Gutbucket reste envers et contre tout un groupe sympathique, même lorsque ses albums deviennent moyens, constat qui malheureusement s’applique au petit dernier, A Modest Proposal. Qu’est ce qui ne cloche pas dans Gutbucket alors ? C’est bien simple : ses origines géographiques à aller chercher indéniablement du côté de Brooklyn, son identité jazz + rock (et non pas jazz-rock), le son plutôt irritant du saxophone alto de Ken Thomson – arrêtez de me bassiner avec la grande histoire du jazz écrite à l’alto par Charlie Parker, Eric Dolphy et Ornette Coleman, j’ai toujours préféré le son du ténor – et la guitare bien lisse de Ty Citerman. On rajoute un nouveau batteur au jeu trop binairement plan-plan et on obtient tous les ingrédients pour se taper une séance de jazz gentiment modernisé et raisonnablement virulent.

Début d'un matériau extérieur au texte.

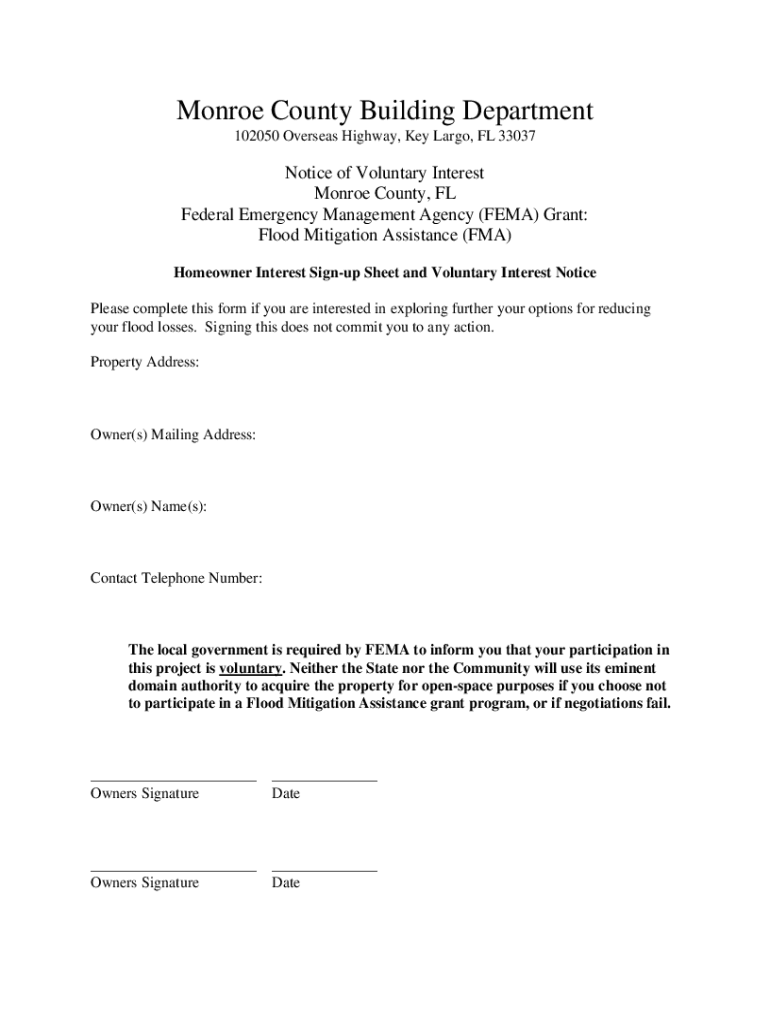 Fillable Online Monroe County Building Department Key Largo, FL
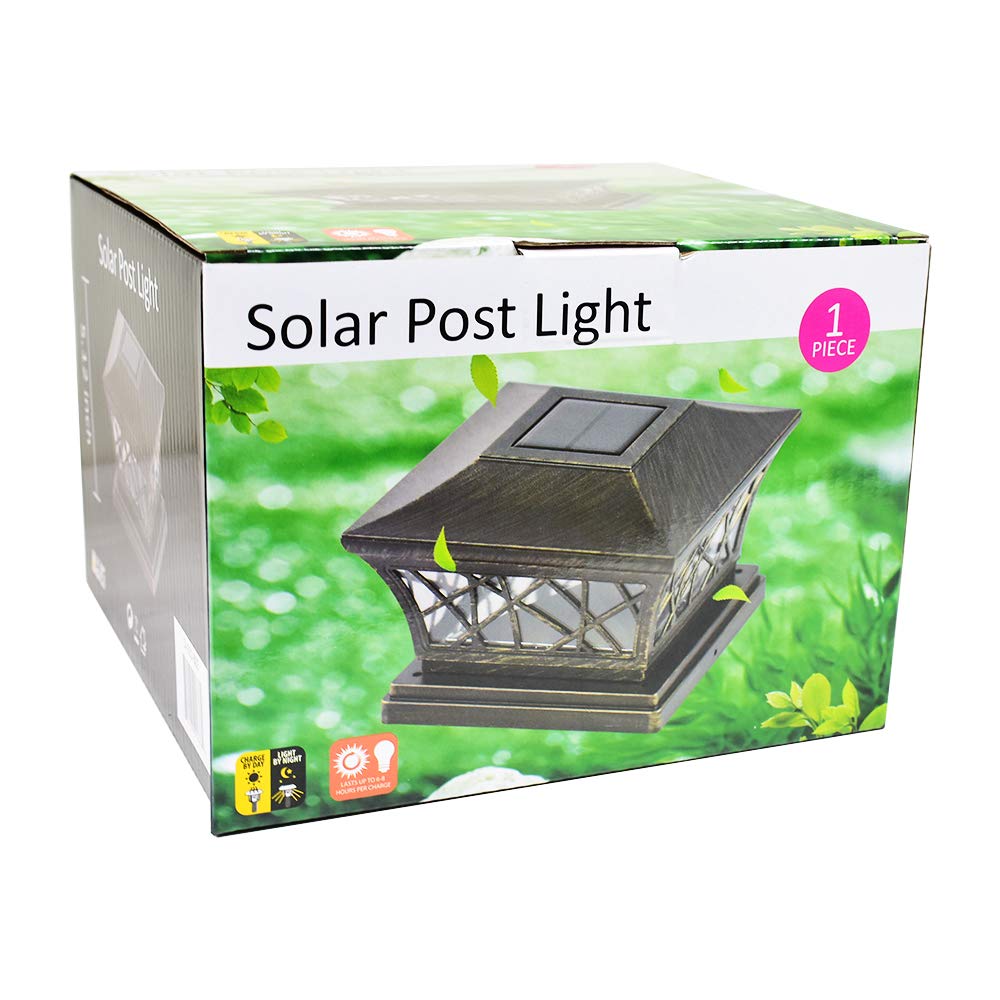8 Pack Bronze Solar Post Light Frosted Lens SMD LED Square C19241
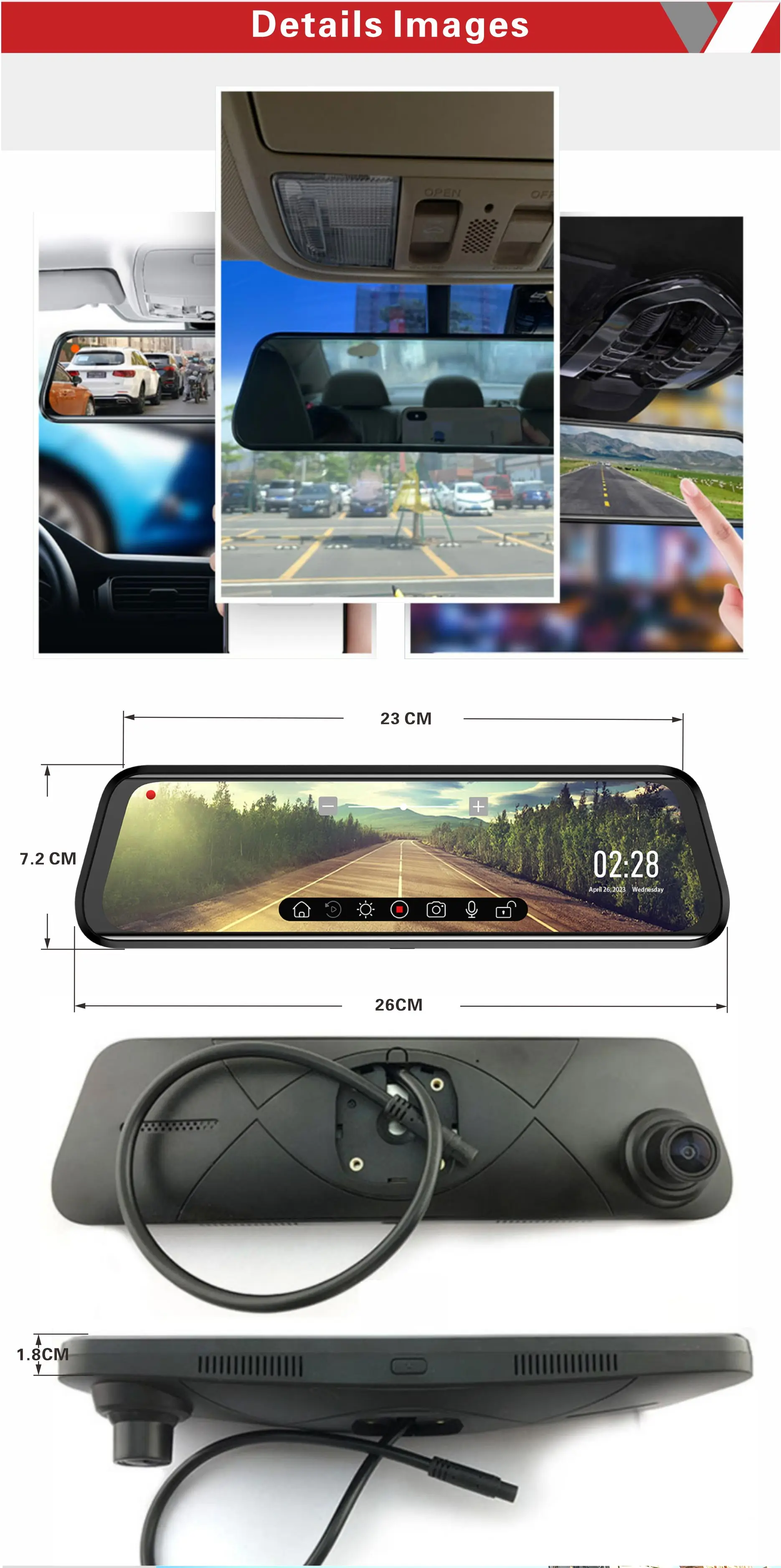 4k 1080p Mirror Dash Cam 170 Degree Wide Angle G-sensor Dash Cam App ...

Mais tout ce qui cloche avec Gutbucket peut aussi être ce qui fait la force du groupe. Ils viennent de Brooklyn et on les soupçonne d’être des bons potes à John Zorn et de jouer au moins deux sets tous les quinze jours à The Stone ? Oui, forcément. Le jazz et le rock ont rarement fait bon ménage ? C’est vrai sauf quand le rock titre le jazz vers le haut, ce qui est visiblement le cas ici (l’inverse, le jazz qui titre le rock vers le haut, est beaucoup plus fréquent : Captain Beefheart, NoMeansNo ou Don Caballero). Le saxophone alto est trop omniprésent ? Oui Ken Thomson est un véritable virtuose qui cependant n’en fait pas des tonnes, son jeu est précis et aiguisé comme il faut. Ty Citerman regarde un peu trop souvent le manche de sa guitare lorsqu’il joue ? Il est également parfaitement capable de partir dans des plans noisy avec petits dérapages incontrôlés et tête-à-queue dans la boue. J’ai par contre toujours du mal avec Adam Gold (le batteur). Et en ce qui concerne le contrebassiste, il joue sur un instrument électrique avec un rack d’effets à rendre jaloux un guitariste de post hardcore mélodramatique. Il taquine et il chatouille son instrument squelettisé avec discrétion et bien entendu il aura droit comme tous les membres de Gutbucket à son solo – une tradition insupportable du jazz parce que considérée comme un passage obligatoire mais ça veut dire quoi obligatoire lorsqu’on joue une musique censée être (semi) improvisée ?
Le début du set de Gutbucket est plaisant (le groupe joue même Sludge Test en deuxième position) bien que l’on sorte trop peu des sentiers battus par le jazz contemporain et légèrement déviant. Or il faut croire que l’utilisation de la guitare – pourtant elle a un son tout propre – et les incartades extrajazz déplaisent aux vieux barbus et aux jeunes moustachus venus écouter leur musique favorite. On assiste à une désertion du Sonic par tous ces amoureux de l’art, ne restent que des jeunes gens qui ne connaissent vraiment rien à rien, aiment boire de la bière parce que ça aide aussi à écouter de la musique et qui n’hésitent pas à se remuer les fesses, à lever les bras et à gueuler comme de vulgaires punks du week-end (on est vendredi soir je le rappelle).
Plus le public s’échauffe et plus Gutbucket se laisse entraîner vers ses penchants les plus drôles et les plus barrés, oubliant que le jazz répond à des règles que ton grand-père connaissait déjà avant toi, démontrant que la musique est une affaire beaucoup trop sérieuse pour la confier à des musiciens bardés de diplômes d’écoles de musique émérites, que sur scène elle est aussi et surtout une farce et un simulacre. Gutbucket devient alors ce que le groupe devrait toujours être, un groupe de préposés au touche-pipi qui se fait plaisir autrement qu’en se touchant l’instrument pour réciter ses gammes, un groupe de jazz sympathiquement barré même lorsque ses disques deviennent trop moyens. La boucle est bouclée et je peux rentrer chez moi après une dernière bière bien méritée. Le jazz ça me donne toujours soif.